Axolotl on Ubuntu 26.04 for Ryzen AI Max+ 395: ROCm 7.2, bitsandbytes and gfx1151 fixes

Step-by-step fixes for Axolotl LoRA fine-tuning on a Geekom A9 with AMD Ryzen AI Max+ 395 (gfx1151) on Ubuntu 26.04: ROCm 7.2 PyTorch nightlies, building bitsandbytes from source, and the Axolotl configuration that works.

A narrow harbour entrance at dusk

Why this matters

One of the practical questions behind RiskNodes is simple: can organisations build useful AI capability without sending code, data, or assessment records into somebody else’s cloud?

For regulated teams, consultancies, research groups, and internal engineering functions, that question is not theoretical. If you want a sovereign AI estate, you need local inference and, in some cases, local fine-tuning. The AMD Ryzen AI Max+ 395 is an interesting platform for that work because it combines a modern integrated GPU with a large unified-memory pool. Properly configured, it can hold model and optimiser state that would normally push you towards a separate workstation GPU.

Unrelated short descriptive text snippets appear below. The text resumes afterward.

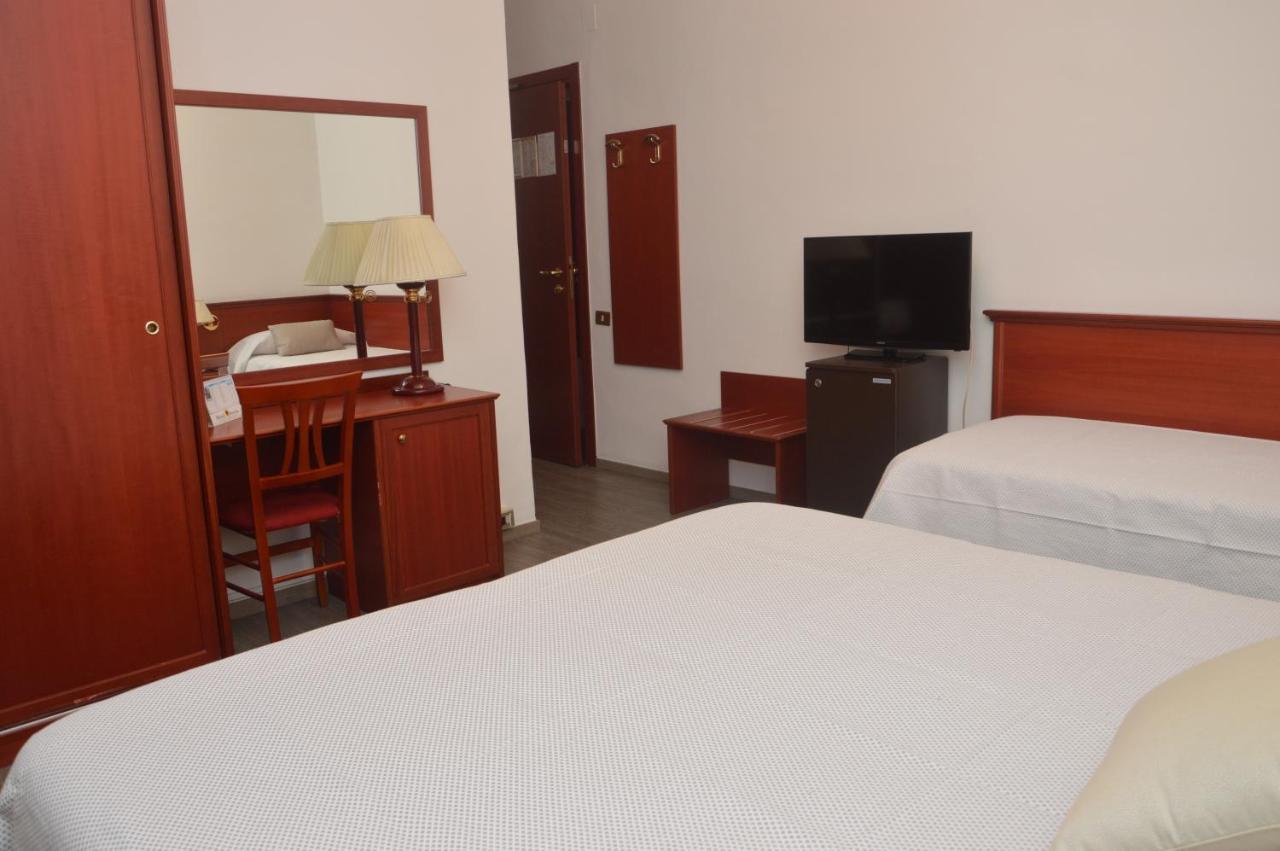 Hotel Svevia Altamura Εξωτερικό φωτογραφία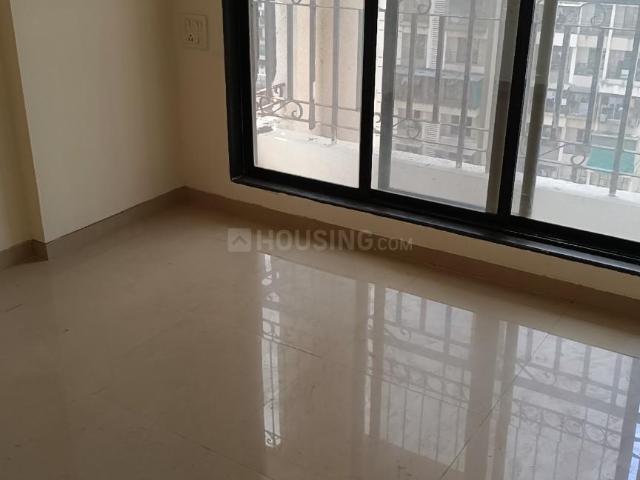 Flat for rent in Bamandongri Village, Raigad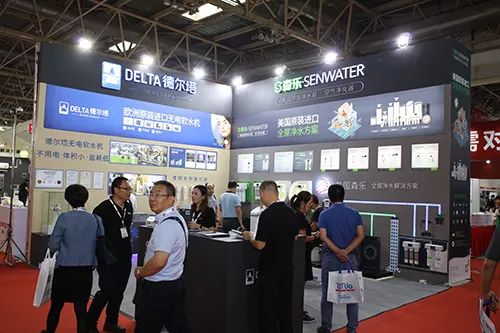 觀展送福利！2019北京國(guó)際水展即將啟幕，水業(yè)盛宴，就等你來(lái)！-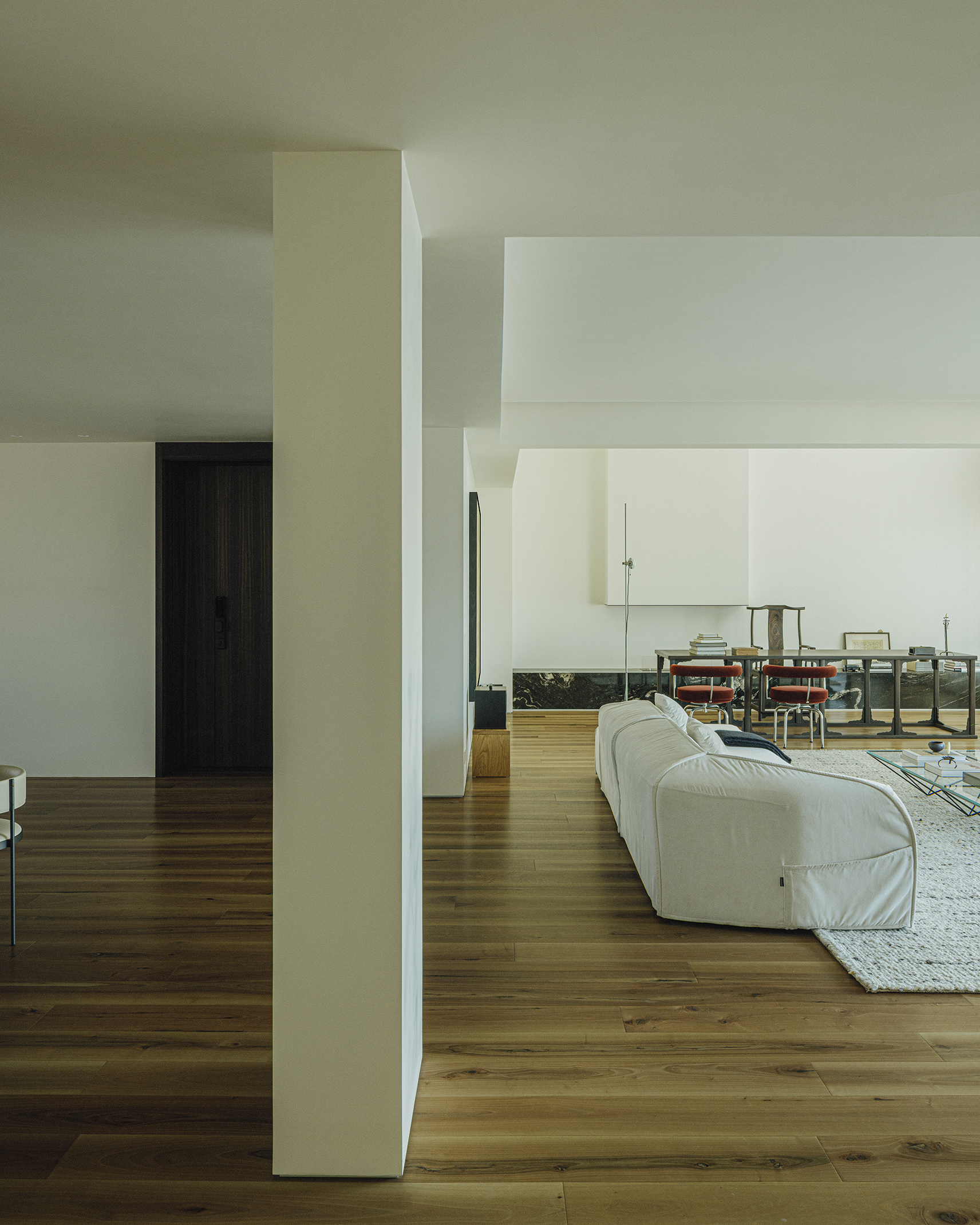 《层峦隐现》《神采》丨中国温州丨聿享安和设计（YHAH）-70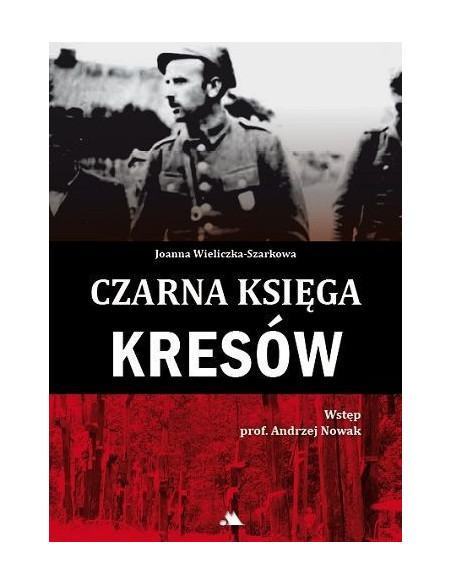 Czarna księga Kresów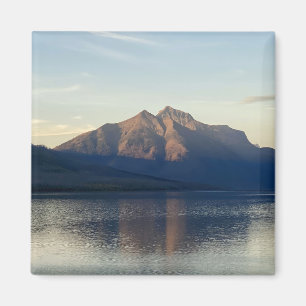 Aimant Le lac Sainte-Marie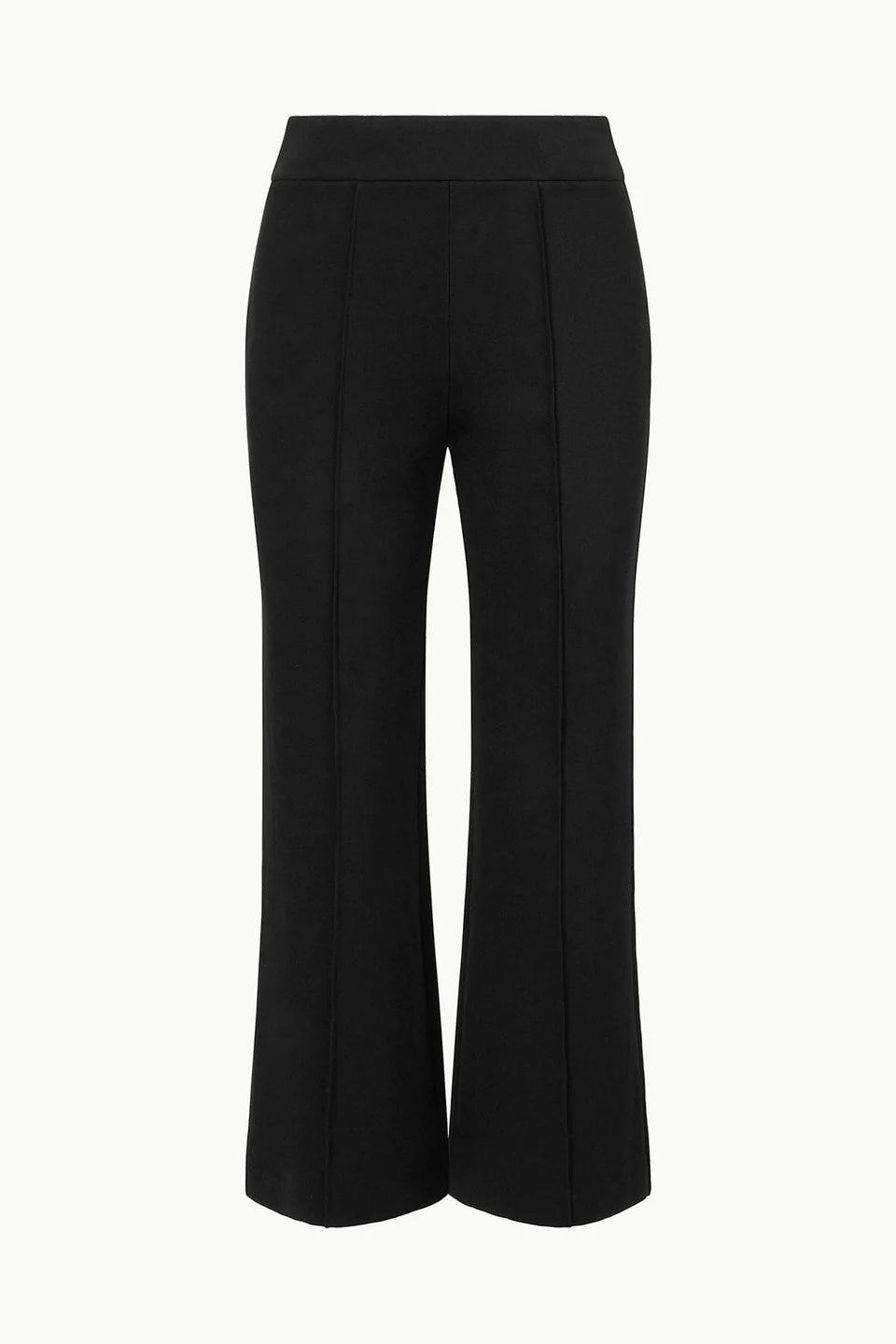 Knack Pant in Black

The difficulty is that the software stack is still immature. Ubuntu 26.04, ROCm, PyTorch nightly builds, bitsandbytes, and Axolotl do work together on this machine, but not by default. This post records the configuration that worked for us on a Geekom A9 with Radeon 8060S graphics (gfx1151). It assumes the hardware is already running a stable Ubuntu 26.04 installation; the previous post in this series covers the firmware preparation, NVMe fixes, and OS installation.

Tested environment

The working setup was:

  • Host: AMD Ryzen AI Max+ 395 with Radeon 8060S (gfx1151) and 128 GB unified memory, with 64 GB allocated to VRAM
  • OS: Ubuntu 26.04, kernel 7.0.0-14-generic
  • PyTorch: torch 2.13.0.dev20260420+rocm7.2
  • System ROCm SDK: ROCm 7.1 from the Ubuntu repositories
  • Training target: Axolotl 0.16.1 running LoRA fine-tuning against an 8B Mistral or Ministral-class model

The important detail is that the standard Axolotl installation path assumes NVIDIA and tends to pull in CUDA-oriented wheels. On this hardware, the safer route is to install the ROCm PyTorch wheel first, then layer Axolotl on top.

What failed first

Three issues consumed most of the time.

1. Axolotl failed with No target_modules passed

The first smoke run failed with:

ValueError: No `target_modules` passed but also no `target_parameters` found.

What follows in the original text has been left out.